While not much is known about its structure of operations, intelligence reports indicate that, after each attack, Lashkar cadres disperse and subsequently reassemble at various bases/hideouts to plan future operations. The LeJ's presence has been reported from locations as varied as Lahore, Rawalpindi, Gujranwala, Multan, Islamabad, Jhang, Khanewal, Layyah, Bhakkar, Sargodha, Rahimyar Khan, Orakzai, Sahiwal, Karachi, Dera Ismail Khan, Bannu, Kohat, Sukkur, Bajaur, Parachinar, Kurram, South Waziristan, North Waziristan, Hangu, Hyderabad, Bahawalpur, Nawabshah, Mirpur Khas, Chitral, Gilgit and Quetta.
Although sporadic crackdowns by the security forces since late-2001 have had some success, the LeJ continues to make new recruitments to replace those arrested or killed. And great care is taken in recruiting cadres, while considering both religious conviction and the skill and commitment to carry out attacks.
While Shi'ites remain the primary target of the LeJ, the group has, since 2002, broadened its focus to include other civilian, government and Western targets in Pakistan.
Despite the involvement of the LeJ and its parent party, the SSP, in sectarian violence since its inception in 1996, the Pakistani state has failed to neutralize either group. Being part of a broader jihadi movement with Deobandi ideological affiliation, the LeJ has links with other jihadi groups, including the Jaish-e-Mohammad, the Harkatul Mujahideen and the Harkatul Jehadul Islami.
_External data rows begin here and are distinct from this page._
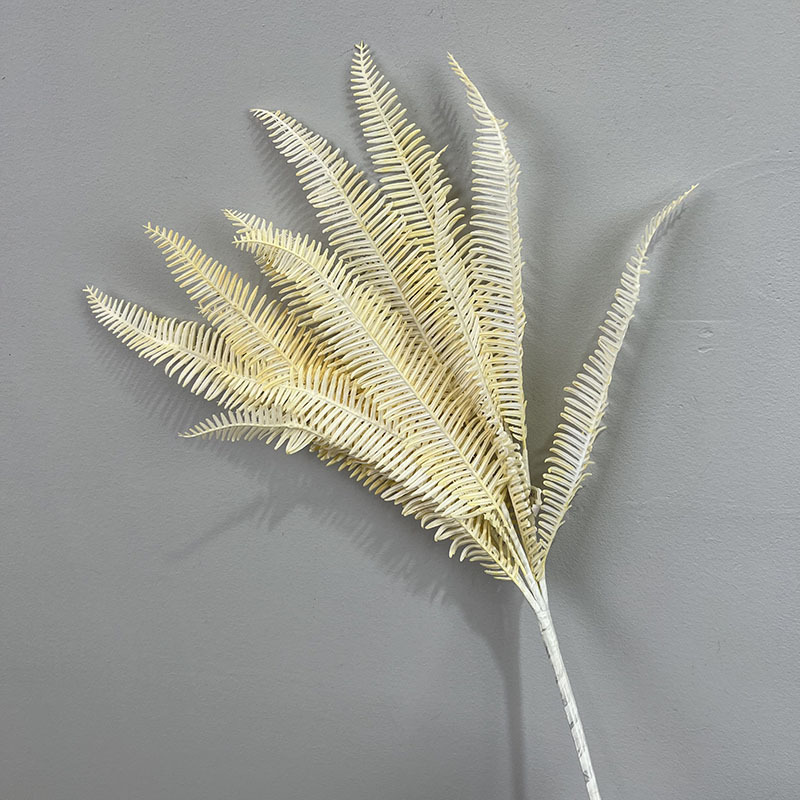 Faisceaux de feuilles persanes blanc lait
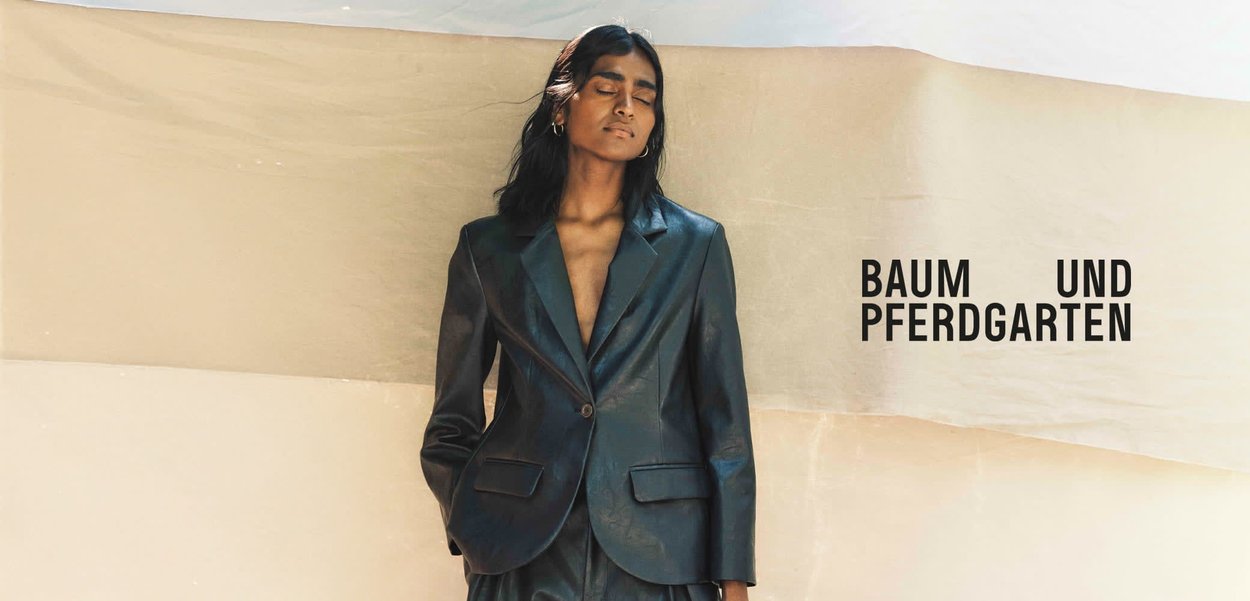 Kobieta z zamkniętymi oczami, ubrana w ciemny, dopasowany żakiet i spodnie, stojąca na tle beżowego tła z napisem "BAUM UND PFERDGARTEN".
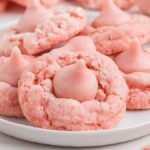 A plate of strawberry kiss cookies topped with delightful pink chocolate kisses.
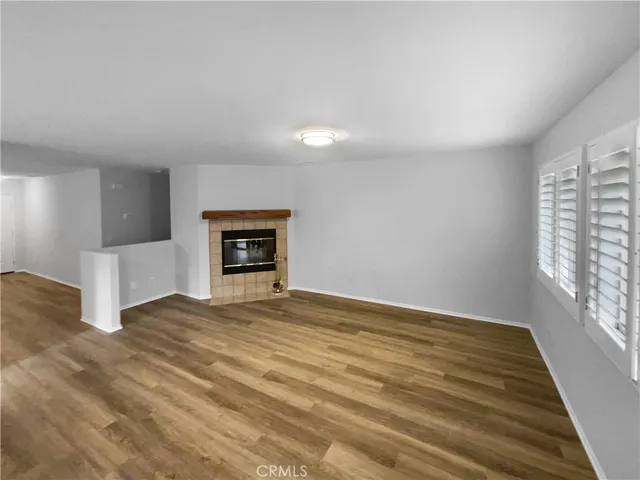 a view of empty room with wooden floor and fireplace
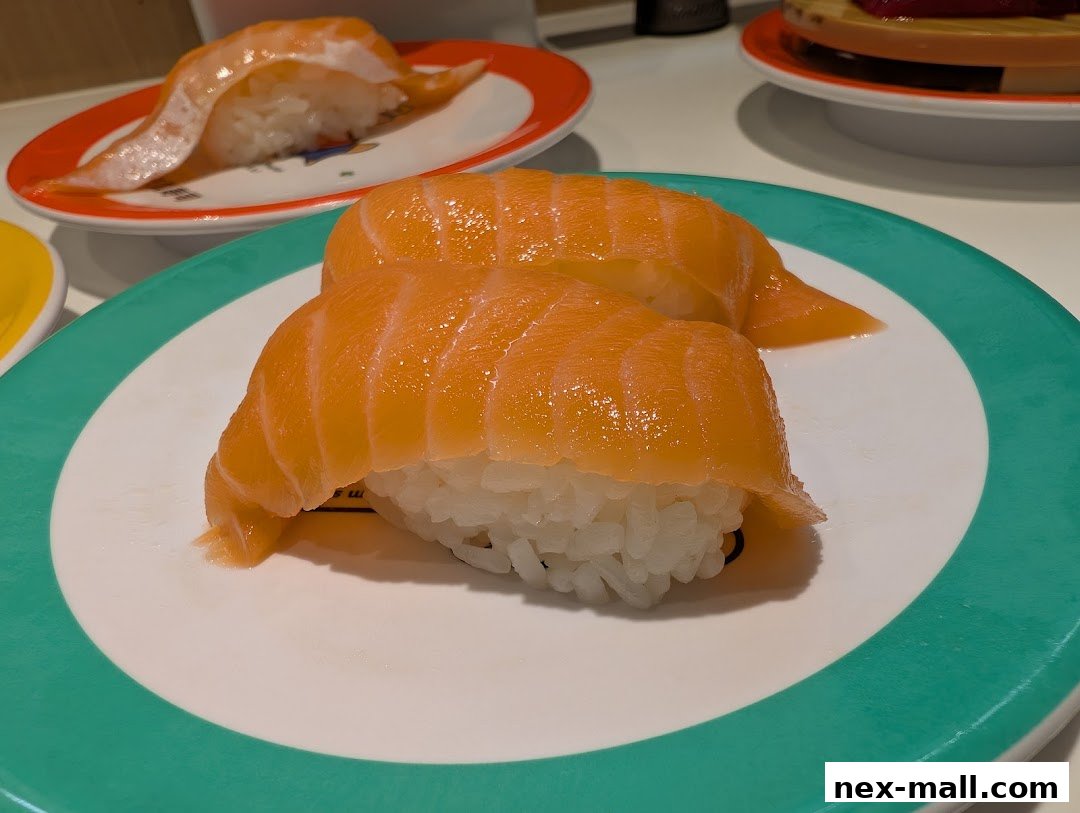 Close-up of fresh salmon sushi on plates, with more sushi in the background.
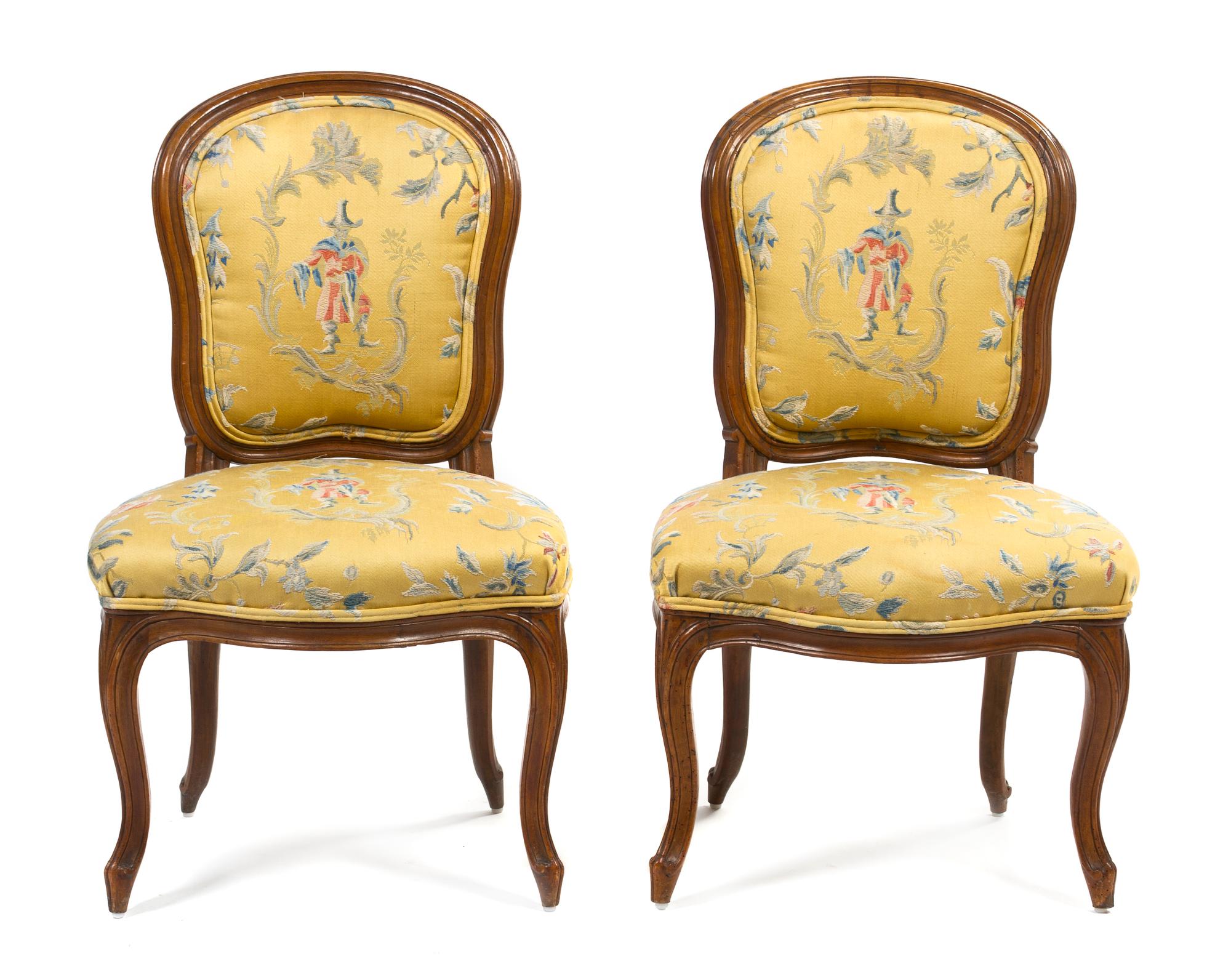 A Pair of Louis XV Style Walnut Side Chairs, Height 35 inches.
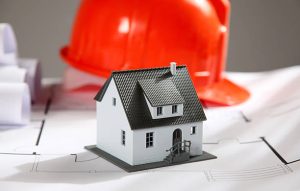 Construction helmet near some blueprints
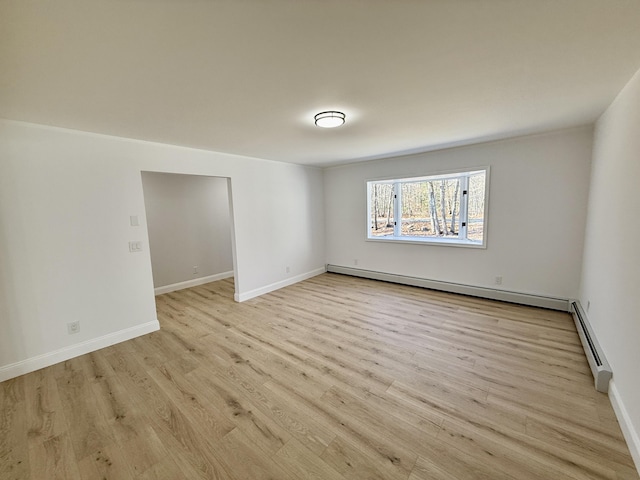 248 Seneca Dr, Milford, PA 18337 - spare room featuring a baseboard radiator, a baseboard heating unit, and light wood finished floors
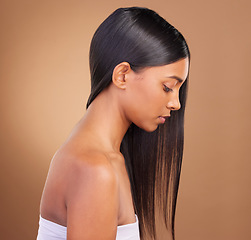 Image showing Beauty, hair and skincare with profile of woman in studio for keratin, salon treatment and texture. Shampoo, health and growth with face of model on brown background for glamour, shine and hairstyle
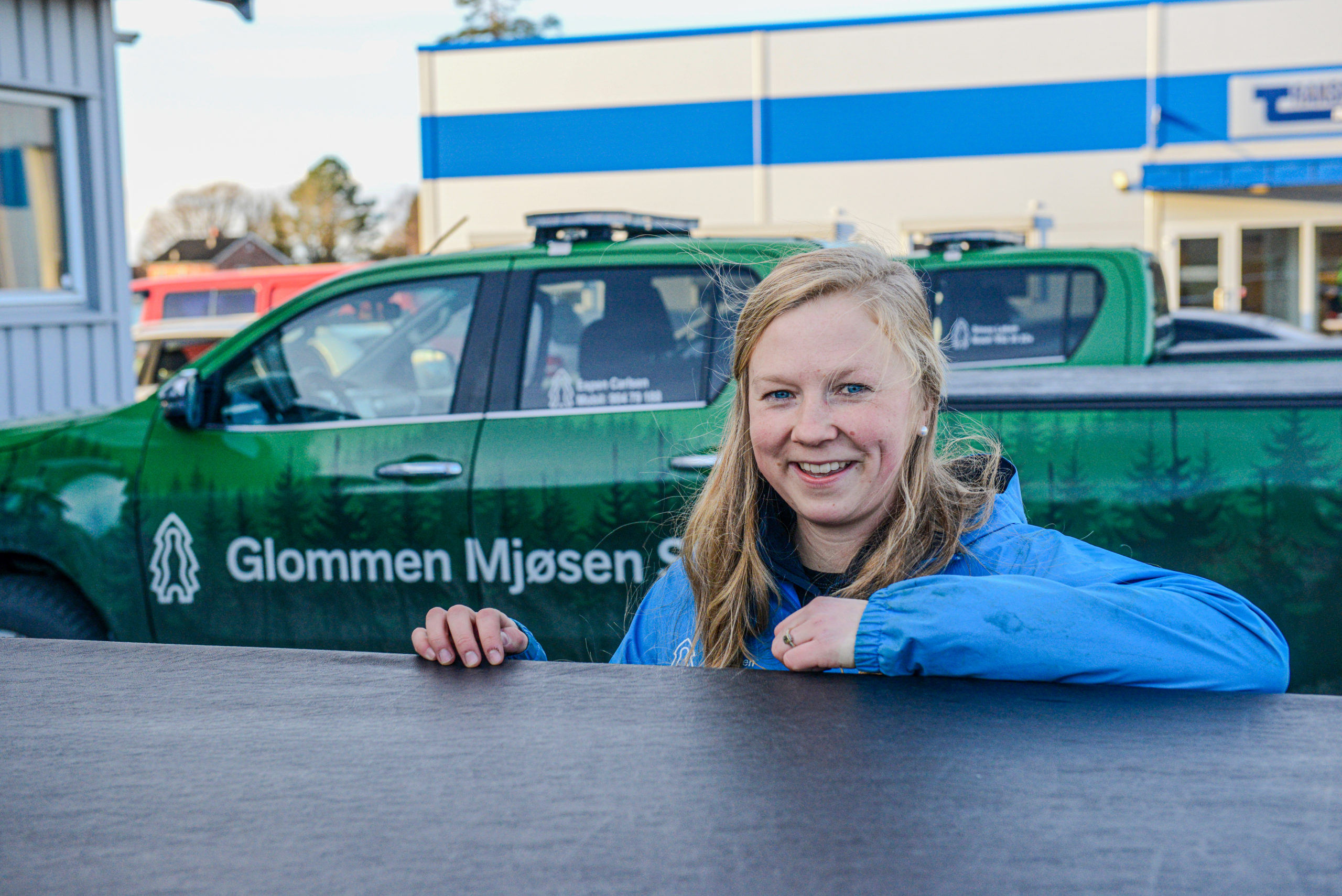 Kari Hunstad Mørck med Glommen Mjøsen Skog-bil i bakgrunnen.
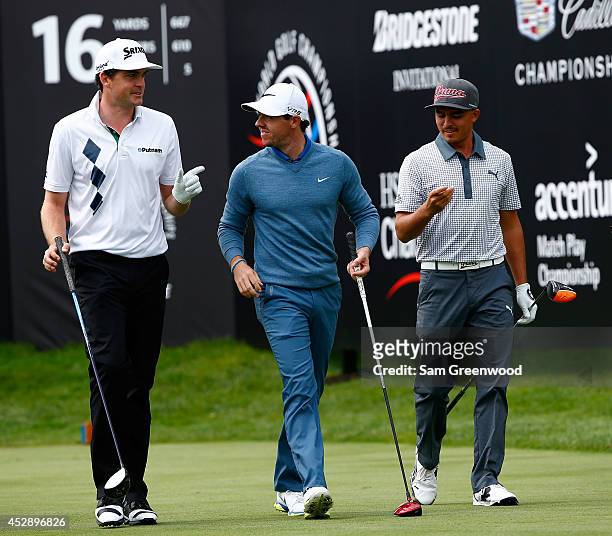 Keegan Bradley , Rory McIlroy of Ireland and Rickie Fowler walk down the 16th hole during a practice round for the World Golf...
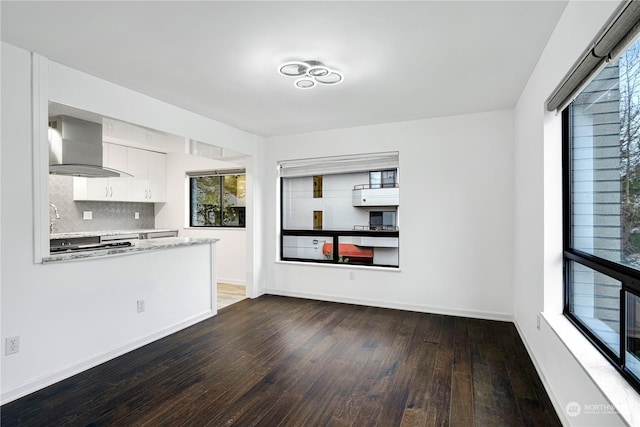 kitchen with dark wood-type flooring, white cabinetry, baseboards, backsplash, and wall chimney exhaust hood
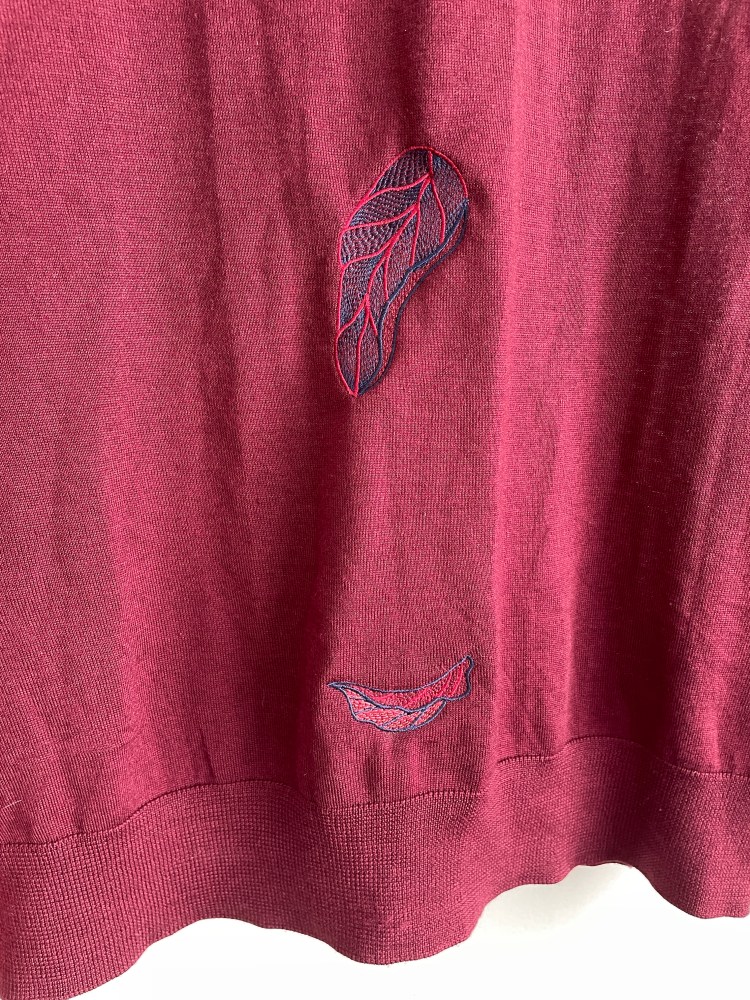 tropical flower leaves in red, blue and pink embroidered onto a burgundy fine knit jumper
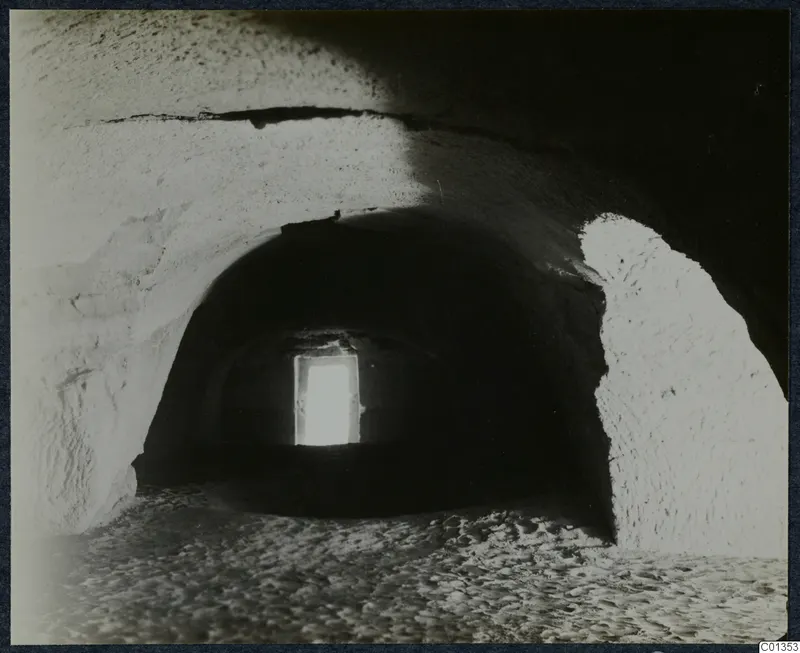 Interior of a vaulted rock-cut chamber, its floor strewn with sand and stones, with light from a doorway at the far end.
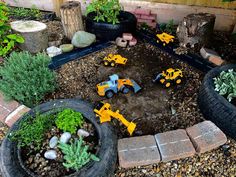 there are toy trucks and tractors in the garden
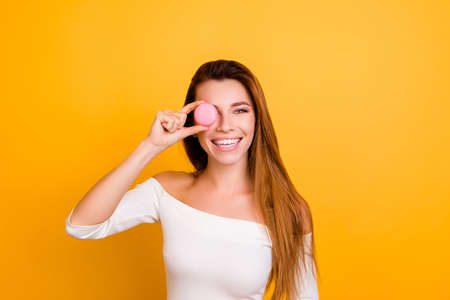 Hairstyle playful lovely happiness joke toothy naked shoulders brunette people person concept. Close up portrait of cute tender gentle beautiful lady closing eye with round cookies isolated backgroundの写真素材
The LeJ also maintains close operational links with the Afghan Taliban and al-Qaeda. There is, in fact, sufficient evidence to indicate that the LeJ has been transformed into a significant al-Qaeda affiliate, which provides not only back-up support but also takes part in terrorist attacks linked to al-Qaeda. Yet, the group stays focused on its home turf and its stated goal of radicalizing Pakistan.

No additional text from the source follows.